Langsdorffia hypogaea (Balanophoraceae) is a pantropical root parasite that uses angiosperm trees as hosts (Hansen 1980). In Brazil, L. hypogaea occurs in forests, savannas and savanna woodlands, and usually flowers during the dry season in central-western savannas of the Pantanal wetland region (Pott & Pott 1994).
The study was conducted at the Nhumirim Experimental Farm (18o59' S and 56o38' W), located in the sub-region of Nhecolândia in the Pantanal wetlands of the state of Mato Grosso do Sul, Brazil. The regional vegetation comprises 59.6% of natural pasture, 2.1% of savannas or "cerrado" (tortuous tree canopy, with underlying shrubs and ground-level vegetation), 28.9% of "cerradão" (upper layer of trees of usual "cerrado" species, up to about 13 m tall and producing a broken canopy, with sparser ground-level vegetation, according to Ratter et al. 1973), and 9.4% of permanent or temporary ponds (Embrapa 1997). The climate is markedly seasonal (tropical/megathermal), with rainfall prevailing between October and April, with an annual average of 1180.8 mm (Soriano & Alves 2005). The annual average maximum temperature varies from 28°C to 30°C and the absolute maximum temperature may reach 35°C in winter and 43°C in summer (Soriano & Alves 2005).
The sampling procedure was carried out from April to June 2007 in areas of "cerrado" and "cerradão". The holoparasite was sampled in these vegetation types on a natural reserve without cattle grazing, and involved searching for inflorescences of the holoparasite by walking along three 250 m long contour lines (D500, D1500 and F500). These lines are part of a 5 x 5 km sampling grid, containing 30 lines spaced at 1 km intervals, according to Magnusson et al. (2005) (Fig. 1).
Satellite image of Nhumirim Experimental Farm (inside the yellow border), showing details of sampling grid (in white) and the reserve area (small area demarcated with a yellow line). The holoparasite sampling are identified by black line and squares. Please see the PDF version for color reference.
The inflorescences of Langsdorffia hypogaea were dug out carefully by hand to reach the root of the host tree. Then, the distance between the parasitized roots and the trunk of host trees was measured. The diameter and depth of the parasitized root were also recorded. The rhizome of L. hypogaea presents several ramifications, making it difficult to quantify the number of parasites per individual host (Fig. 2A).
Langsdorffia hypogaea Mart. parasitizing Simarouba versicolor. A. St.-Hil., in the fine roots (A) and the crown area of the main root (B). The black arrow identifies the holoparasite and the white arrow, the host tree.

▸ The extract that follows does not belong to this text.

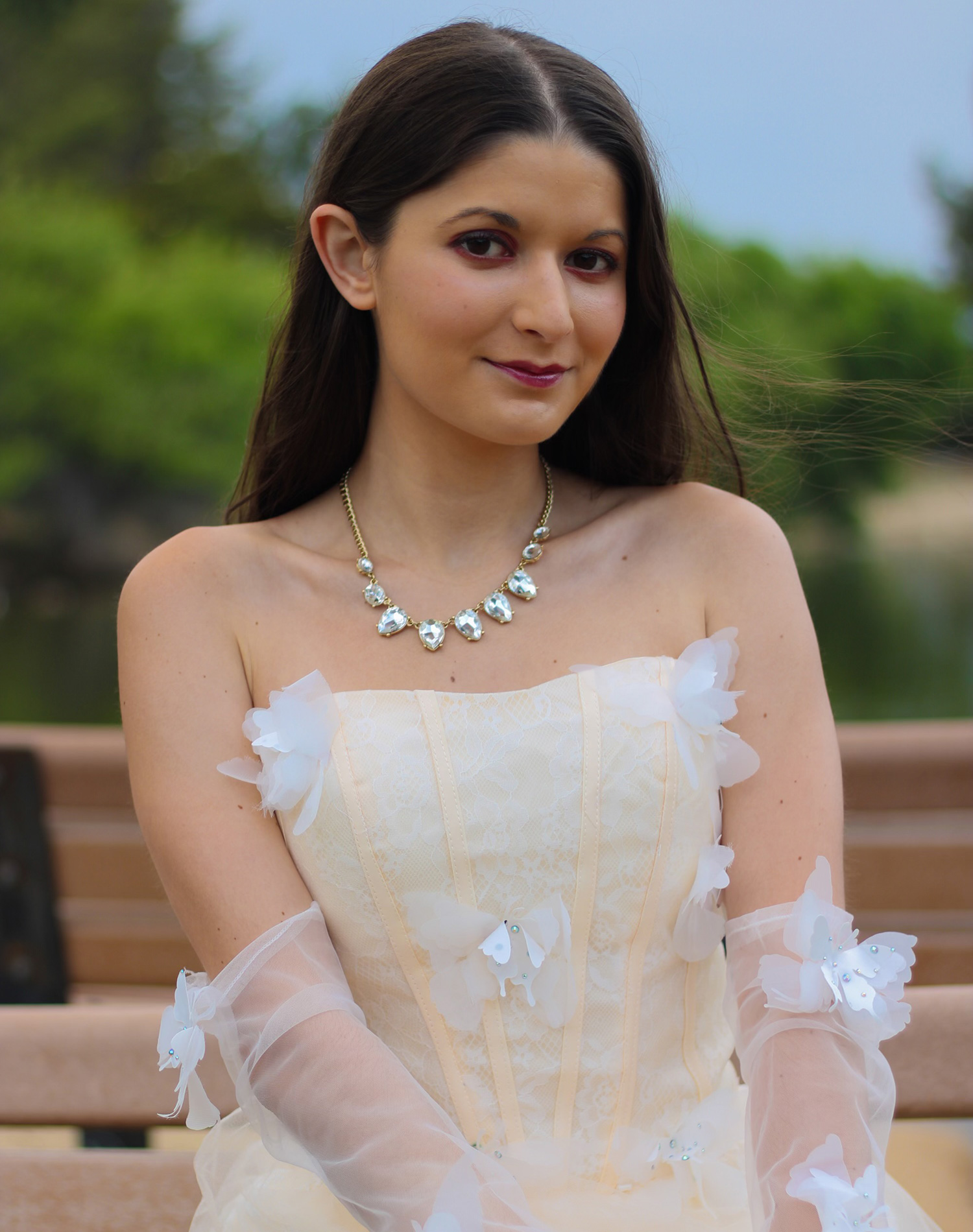 A woman in a white dress with gloves made of white sheer fabric and white fabric butterflies on them.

The host trees were classified according to their leaf phenology (deciduous, semideciduous or evergreen), shade-tolerance (heliophyte or sciophyte), dispersal syndromes (anemochory, zoochory or autochory), and period of fruiting, based on information available in the literature (Lorenzi 1992; 1998; Pott & Pott 1994, Jardim & Batalha 2009) and on field observations.
Twenty-four Langsdorffia hypogaea host trees were found along the three sampled contour lines, in 12 host species (Tab. 1). Vouchers of L. hypogaea from previous collections at the study site are deposited at the CPAP herbarium (A. Pott 1922, 18/VI/2985; A. Pott 2931, 10/VI/1987; A. Pott 8034, 18/V/1998; V.J. Pott 1407, 03/VII/1990).

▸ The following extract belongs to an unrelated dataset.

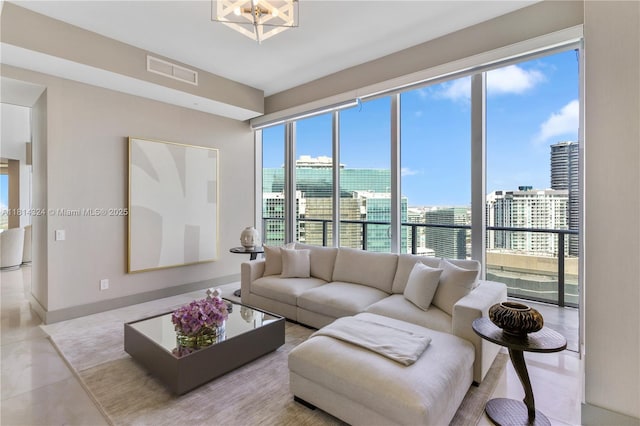 1300 Brickell Bay Dr Unit 4400, Miami, FL 33131 - tiled living area featuring a view of city, a chandelier, and baseboards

Tree species parasitized by Langsdorffia hypogaea Mart. (Balanophoraceae) in "cerrado" and "cerradão" on Nhumirim farm in Brazil's Pantanal wetlands.
The parasitized roots were located at an average depth of 16.4 ± 3.9 cm, ranging from 6 cm (in Aspidosperma tomentosum Mart.) to 24 cm (in Cordiera sessilis Kuntze). On average, the inflorescences were observed about 2.4 m away from the host trunk. In general, parasitized roots presented small diameters, measuring on average 1.60 ± 1.40 cm, ranging between 0.3 and 5.1 cm. In two cases, individuals of L. hypogaea were found attached directly to the main root, in the crown area, parasitizing Byrsonima coccolobifolia Kunth and Simarouba versicolor A.St.-Hil. (Fig. 2B).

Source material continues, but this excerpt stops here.